Emcee and MPI with mpi4py
General information:
- emcee version:3.0rc2
- platform: Ubuntu
- installation method (pip/conda/source/other?): pip install
Problem description:
Hi all,
I am pretty new of MPI parallelization and this is indeed my first try to use it on a python code
I have tried a parallelization of emcee using mpi4py in a different way w.r.t. the minimal examples proposed in the documentation of the code (which actually uses multiprocessing).
The idea behind this workaround is that I want to have each process to write its own"backend" file when emcee is running which, to my knowledge so far, cannot be realized using the "pool" option of the sampler. Furthermore, w.r.t. the "pool" method I can draw much more model at the same time with speed comparable to when I run the code without parallelization.
what I would like to know is if this is the right way to obtain what I wanted to achieve or if there's another way to do that using the "pool" method. The workaround works fine but I am concerned about the results I am drawing from this, are the results of each MCMC process really independent from one another in this way, or there's something I am missing ?
Best, F.
Minimal example:
import emcee
from mpi4py import MPI
def lnlike(theta, x, y, yerr):
m, b, lnf = theta
model = m * x + b
inv_sigma2 = 1.0/(yerr**2 + model**2*np.exp(2*lnf))

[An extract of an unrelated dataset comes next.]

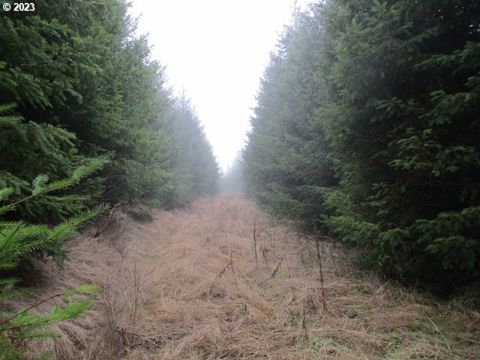 00 Buck Hollow RD Sheridan OR 97378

return -0.5*(np.sum((y-model)**2*inv_sigma2 - np.log(inv_sigma2)))
comm = MPI.COMM_WORLD
rank = comm.Get_rank()
sampler={}
backends= {}
filename = "examples_"+str(rank+1)+".h5"
ndim, nwalkers = 3, 10
# use backends option of emcee to store chains
backends[str(rank)]=emcee.backends.HDFBackend(filename)
backends[str(rank)].reset(nwalkers,ndim)
# create an initialization for the walkers
pos = [p0+ 1e-4*np.random.randn(ndim) for i in range(nwalkers)]

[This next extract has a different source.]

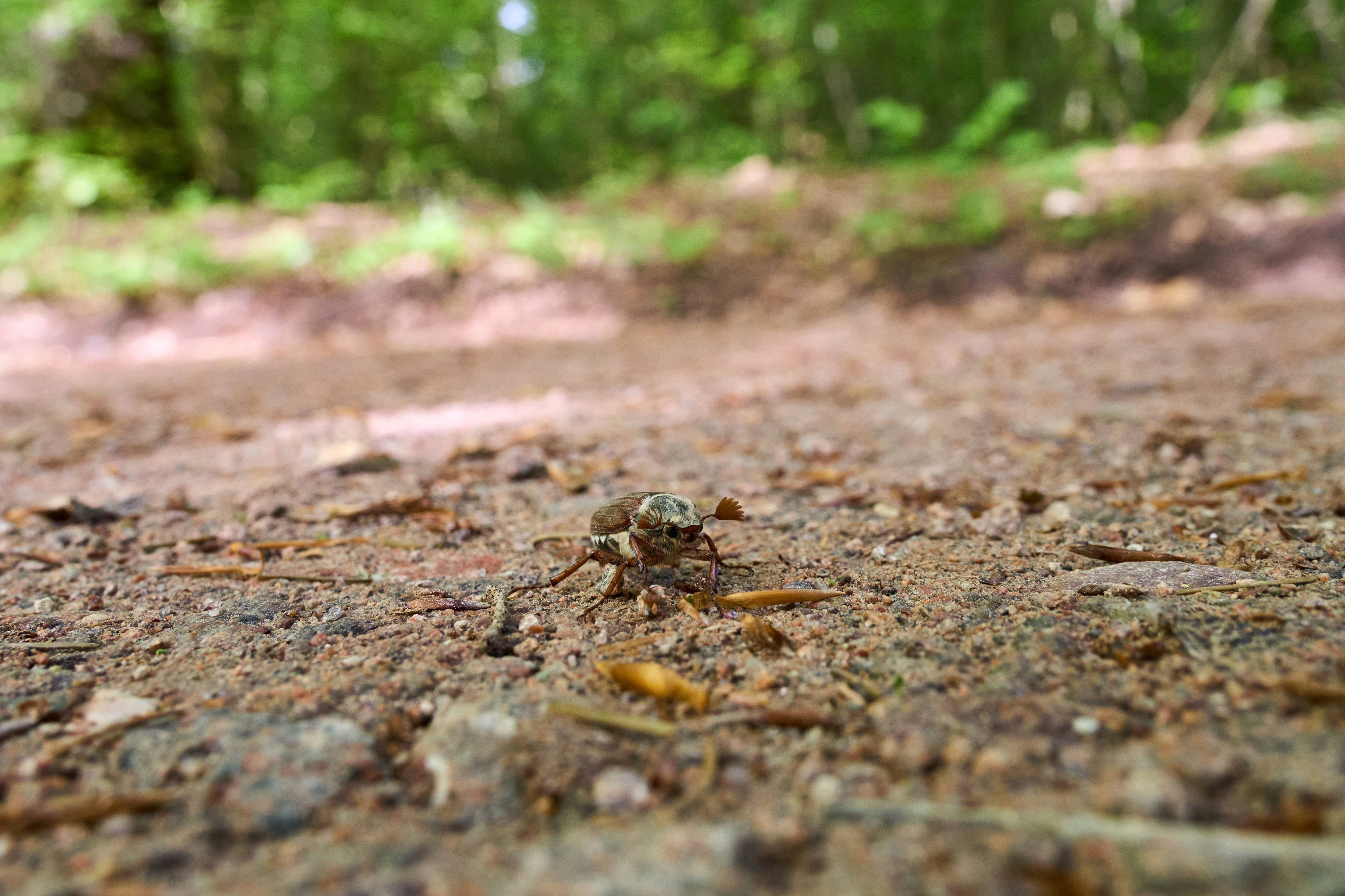 Photo by wolfgang_hasselmann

sampler[str(rank)] = emcee.EnsembleSampler(nwalkers, ndim, lnlike, args=(x, y, yerr),backend=backends[str(rank)])
#start the actual mcmc process
sampler[str(rank)].run_mcmc(pos, 10000,progress=True)
``
There isn't anything fundamentally wrong about this approach (it can actually be useful since you have many independent ensembles in this case). But one thing that you need to be careful about is making sure that the random number generator on each process gets properly initialized or you'll end up with chains that are correlated or even the same.

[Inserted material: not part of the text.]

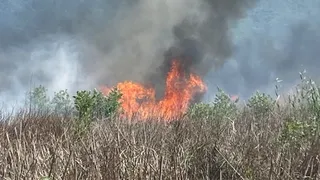 Sapanca Gölü'nde 10 dönüm sazlık yandı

I ran into a similar situation. Is it possible to random.seed() the random numbers used in emcee? Does emcee already adopt a particular way of seeding the random number generator (in this way I won't have a control)?
The EnsembleSampler creates a RandomState (that it owns) when it's initialized so the easiest way to have control over the state is to run a np.random.seed before initializing the sampler. It would be good to add a seed argument to the sampler, but it's not yet implemented.